April 2009

Patent Law

Patent protection is provided by federal law through the United States Patent and Trademark Office (USPTO) and gives a patent owner the right to exclude others from making, using, selling, distributing or importing the subject of the patent for a certain period of time. Only certain things may be patented, and there are several requirements that an invention or other subject of a patent application must meet in order to be eligible to receive patent protection. One of the most basic requirements is novelty, or newness. The purpose of the novelty requirement is to prevent the patenting of inventions that have become widely known and used, which are said to have entered the public domain, and to carry out the general principle that the first person to create an invention is entitled to patent it. If you have an invention and would like to determine if is patentable, call or email to schedule a meeting with one of our patent attorneys.


Marking Patented Products

After a patent is issued by the United States Patent and Trademark Office, the patent owner may mark the patented articles with the word “Patent” or the abbreviation “Pat.” along with the patent number assigned by the USPTO. This marking of the patent number on the product constitutes notification of the patent, which is essential to a monetary recovery in a patent action. Although that patent statute states that a patent owner “may give notice” of the patent by marking the patented article, monetary damages for the infringement of an unmarked item can only be recovered from the time that the alleged infringer has been notified of the infringement by a cease and desist letter, by service of a summons and a copy of the complaint, or by other means. In such a case, if the alleged infringer ceases the infringing activity immediately upon notification, a monetary recovery could not be had at all in an infringement suit. If you feel you have rights that are being infringed, you should consider scheduling a meeting with one of our patent attorneys.

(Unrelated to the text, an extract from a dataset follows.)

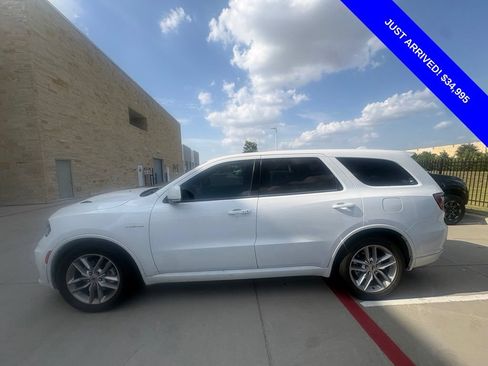 Used 2022 Dodge Durango R/T RWD image 1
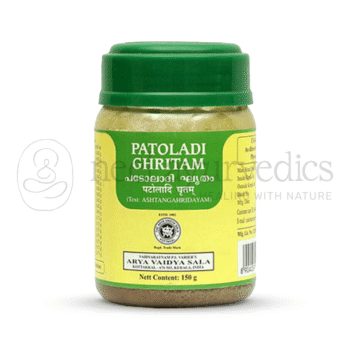 Kottakkal Arya Vaidya Sala Patoladi Ghritam ? 150 GM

Trade Names vs. Trademarks

The term ”trade name” means any name used by a person to identify his or her business or vocation. ”Trade name” refers mainly to the corporate, partnership or other name of a business. The business may, in turn, market goods or services under one or more trademarks or service marks. To help determine if a Mark is available for protection or to help register your Mark, please contact one of our Trademark Attorneys.


Trademarking Internet Domain Names

Generally, the United States Patent and Trademark Office (USPTO) has applied traditional trademark law to the examination of domain name service mark applications. A domain name qualifies as a mark when it is used in connection with the sale or advertising of goods or services. This includes all sites conducting e-commerce and also sites that provide Web-related services. Unlike a trademark, which is restricted by country and class of goods, domain names can be global and not limited by goods or service. If you have questions about this or any other aspect of trademark protection, contact one of our trademark attorneys for more information.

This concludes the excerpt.